# WORK ITEM
Where the line containing "Miniatura del documento" appears below, start there and repeat each line exactly to the end. Leave the pictures out.

# INPUT DATA
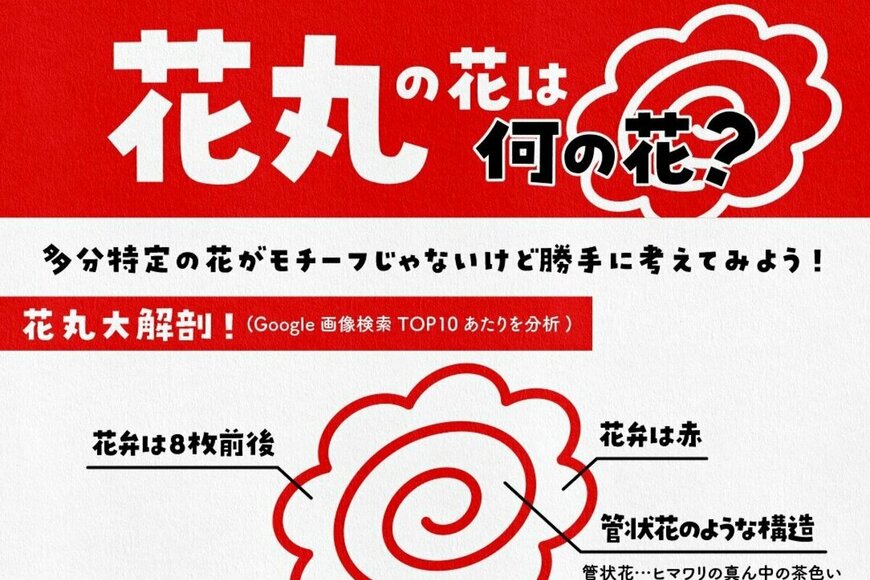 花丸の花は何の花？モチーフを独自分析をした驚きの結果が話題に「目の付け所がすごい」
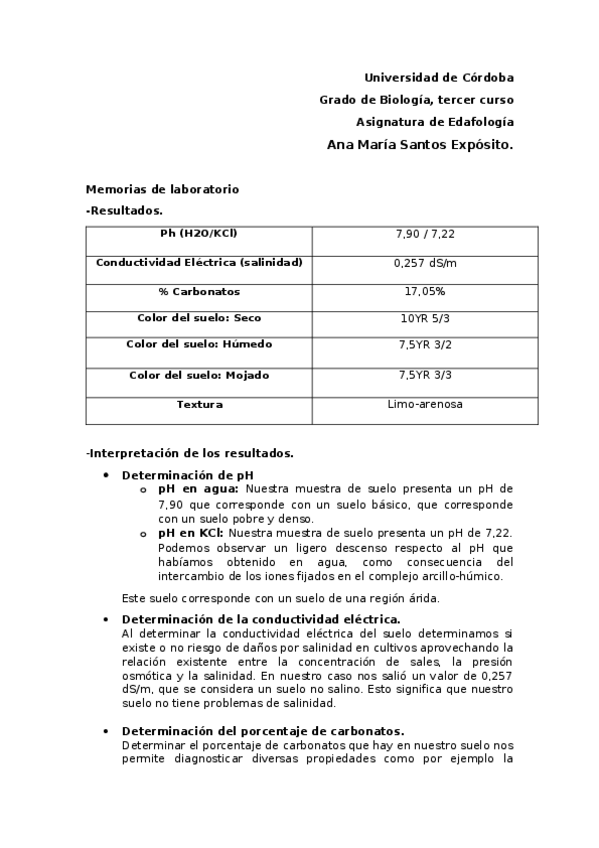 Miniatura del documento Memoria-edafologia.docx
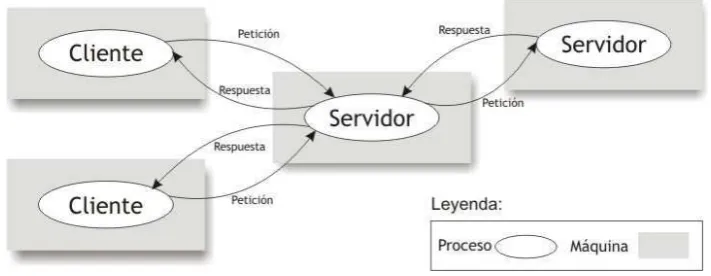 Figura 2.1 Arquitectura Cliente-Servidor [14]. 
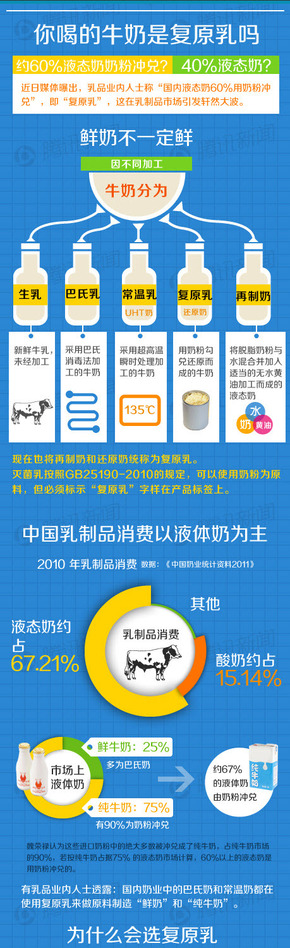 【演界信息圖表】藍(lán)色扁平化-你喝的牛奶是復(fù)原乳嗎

# RESULT OF THE EXERCISE
 Miniatura del documento Memoria-edafologia.docx
 Figura 2.1 Arquitectura Cliente-Servidor [14]. 
 【演界信息圖表】藍(lán)色扁平化-你喝的牛奶是復(fù)原乳嗎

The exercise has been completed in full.